Gender Patterns in Cost Effectiveness of Quality Improvement for Depression
Results of a Randomized, Controlled Trial
Published In: Journal of Affective Disorders, v. 87, Nos. 2-3, Aug. 2005, p. 319-325
Posted on RAND.org on December 31, 2004
BACKGROUND: Little is known about gender differences in the costs and outcomes of primary care quality improvement strategies for depression. METHODS: Intent-to-treat analysis of data from a group-level controlled trial, in which matched primary care clinics in the US were randomized to usual care or to one of two interventions designed to increase the rate of effective depression treatment.
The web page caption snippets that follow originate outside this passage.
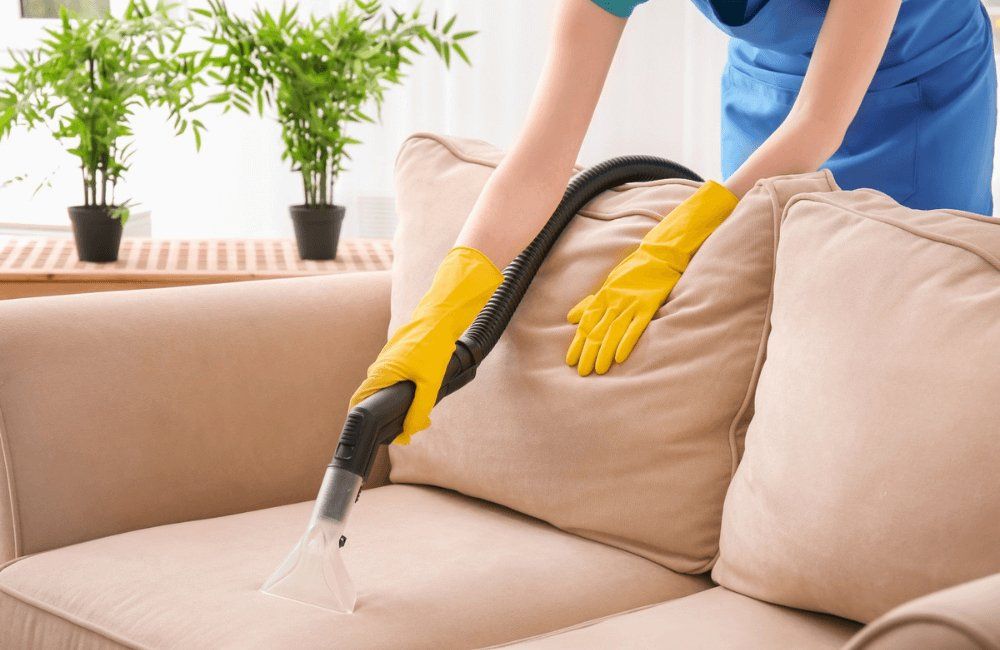 A woman is cleaning a couch with a vacuum cleaner.
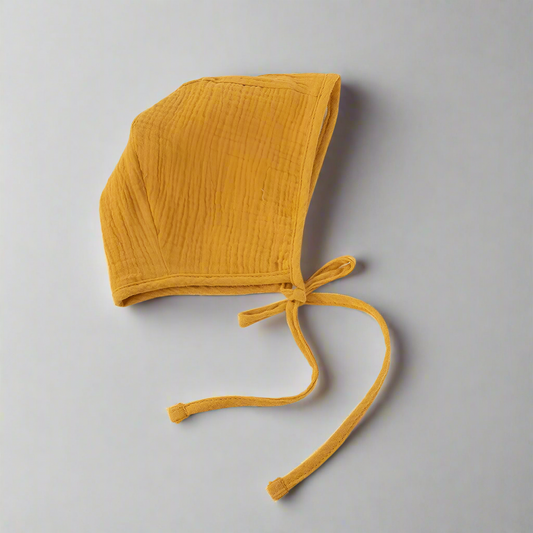 Mustard colored muslin bonnet laying flat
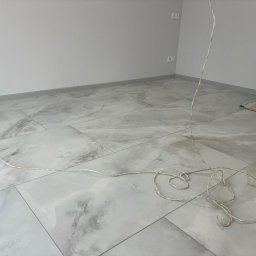 Adaro - Jasne, marmurowe płytki podłogowe w nowym pomieszczeniu z szarą listwą przypodłogową i zwisającym przewodem. Widoczne gniazdka elektryczne i akcesoria malarskie.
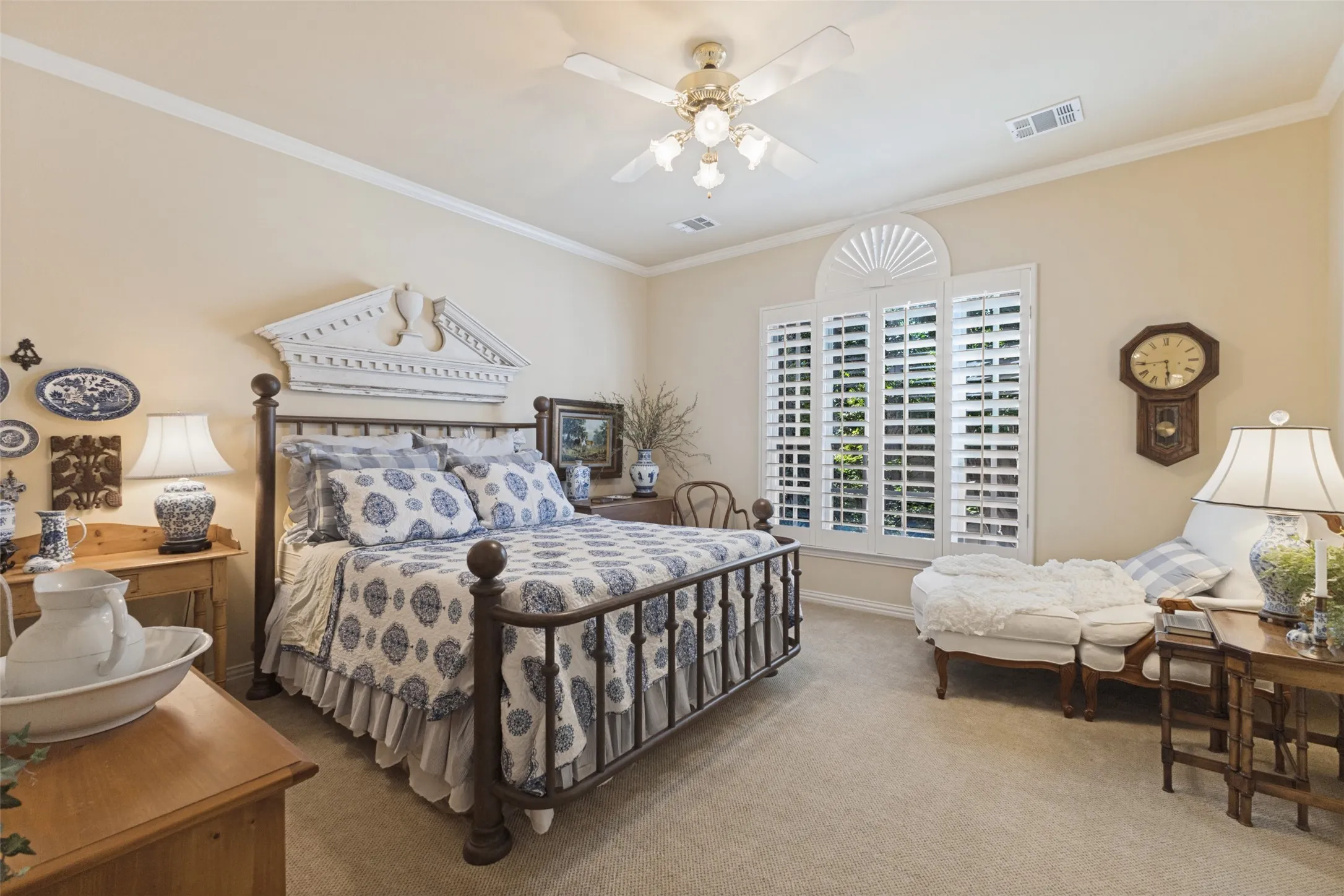 Carpeted room featuring a ceiling fan, crown molding, and windows with plantation shutters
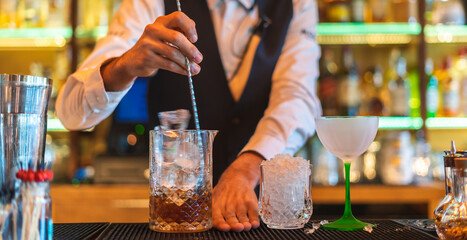 Barman making cocktail at night club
One intervention facilitated medication management (QI-Meds) and the other psychotherapy (QI-Therapy), but patients and clinicians could choose the type of treatment, or none. The study involved 46 clinics in 6 non-academic, managed care organizations; 181 primary care providers; and 375 male and 981 female patients with current depression. Outcomes are health care costs, quality-adjusted life years (QALY), depression burden, employment, and costs/QALY, over 24 months of follow-up. RESULTS: Relative to usual care, QI-Therapy significantly reduced depression burden and increased employment, for men and women; but QI-Meds significantly reduced depression burden only among women. Average health care costs increased $429 in QI-Meds and $983 in QI-Therapy among men; corresponding cost increases were $424 and $275 for women. The estimated cost per QALY for men ranged between $16,600 and $42,600 under QI-Therapy. For women, estimated costs per QALY were $23,600 or below for QI-Meds and $12,500 or below under QI-Therapy. LIMITATIONS: This study may be underpowered for some relevant outcomes, particularly costs. The study population is limited to patients who sought health care in primary care settings. CONCLUSIONS: Both men and women can benefit substantially from quality improvement interventions for depression in primary care. Results are particularly favorable for the QI-Therapy intervention.